List of 3 frequently asked questions.

  • The Leishman Family Energy Conservation Award

    The Leishman Family Energy Conservation Award is granted to a student who either best demonstrates knowledge and commitment to using less energy through conservation strategies, recommends the installation of energy efficient technologies that preserve natural resources and reduce carbon and greenhouse gas emissions, or implements a practical project that improves Suffield Academyís environmental management. The student has to show creativity and commitment to educate others about environmental issues, as well as an interest in environmental problems and solutions.

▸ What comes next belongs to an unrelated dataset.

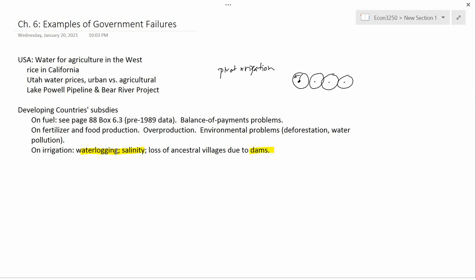Dams are often associated with water projects and irrigation subsidies. One concern is the loss of ancestral villages due to dams. The Three Gorges Dam in China, perhaps the biggest dam in the world, inundated a large amount of land where people had been living for many centuries — probably a few millennia — resulting in a large loss of archaeological sites and resources. These are some examples of government failures. In the next video, we're going to spend time in a more technical discussion with graphs, analyzing one particular government failure: the European Union's tariffs on imported food.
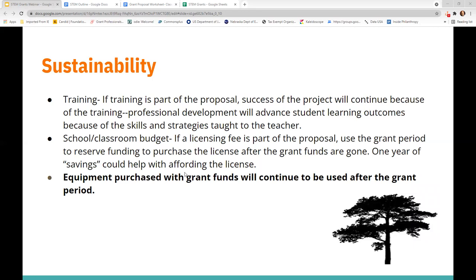This is a bonus section on sustainability. Try to keep in mind that equipment purchased with grant funds is a sustainable strategy because, while technology changes from year to year, some base technologies do not. For example, if you buy tablets with grant funds, those tablets, if well taken care of, can continue for a good number of years after the grant funding is over. I like to include that as a sustainability tactic — to say we'll continue to use this equipment in this project long after the grant funding ends.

Previous projects included cold water laundry, differing approaches to heating the swimming pool, and various heating efficiency ideas in school buildings.
  • The Robinson Environmental Award

    The Robinson Environmental Award is presented at Commencement each year to the graduating senior who shows sustained interest and passion for environmental initiatives.
  • Alumni Leadership Awards

    Alumni Leadership Awards honor Suffield graduates who have displayed notable leadership in their professional careers or in a humanitarian endeavor. The selection committee is comprised of alumni, current students, and members of the faculty. Past recipients include Tor Peterson ’82, Gretchen Schwabe Wilcox ’77, Dr. Paul Sullivan ’58, and Dr. Richard Wahle ’73 (2013), Thomas C. Greene ’87 and Kristin Hostetter Pandit ’86 (2014), Gerard J. Hall ’77, Dr. Michael F. Sheridan ’58, and Joseph G. Thompkins ’58 (2015), David Celentano ’69, Michelle Kaminsky ’84, and Ben Diep ’85 (2016), and David R. Holmes ’60 and Janice H. Lee ’99 (2017).